The garden has that end of summer windswept look about it. But it’s heaving with produce. My deep freeze is filling up fast. Despite the Draconian pruning of the plumb trees last year, in an effort to get rid of the dreaded “silver leaf“, we had a wonderful crop. I’ve put some straight into the deep freeze for winter pies and crumbles. Others I’ve placed in a giant jar with sugar syrup and vodka! Some have been pureed into a thick, rich sauce and poured into jam jars. Then of course I spoke to my dear Czech friend up the valley and made a sort of slivovic to share at Christmas! We even had John Burton Race here, of “French Leave” fame, picking plumbs and collecting eggs for his great new restaurant. I look forward to tasting his plum ice cream.
The tomatoes are the very best I have ever grown! I have seven varieties this year. They look so pretty on a dish and all have a distinctly different flavour and use. Sun Gold is the star, a tiny orangy cherry tom, so sweet the children ate them like sweets when they were here! Sun Bell, a little yellow bell shape, is very sweet too. Tigerella is a real good “doer” but also nice looking with its green stripes. Big orange Auriga is better cooked, as is the funny pointed Red Pear and the oblong Costaluta Fiorentino. San Marzano is a good old beef variety. All are quite delicious in their own way. I’ve put bags and bags in the freezer, made tomato sauce and cooked some with French and Runner beans, also in abundance, adding much shallot, garlic and herbs, So good!
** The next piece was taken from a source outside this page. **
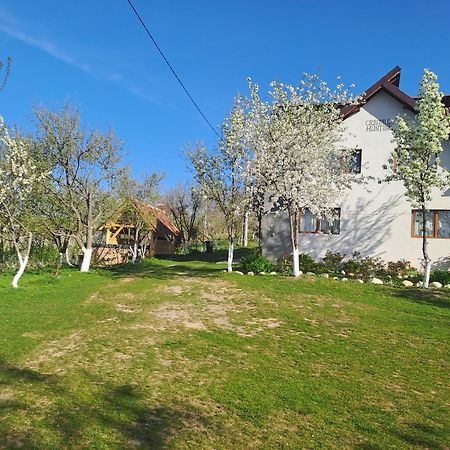 Hotel Casa Cristalul Muntilor Poiana Mărului Esterno foto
Potatoes are ready now too. I dug a whole bucket of little Pink Fir Apples the other day then found a wonderful surprise crop of, I’m not sure what, under the dead pea plants. I love it when I find a sudden hidden cornucopia! The nasturtiums have run amok and much to every ones’ relief I have almost managed to declare them a weed at last. But they are so pretty………..
Donkeys are back in their winter routine now, coming into their stables as the light fades. Much as they relish the freedom of high summer in the field at night, as soon as the evenings begin to draw in, they’re waiting at the gate, jostling each other and demanding tea! Autumn seems to have come early this year.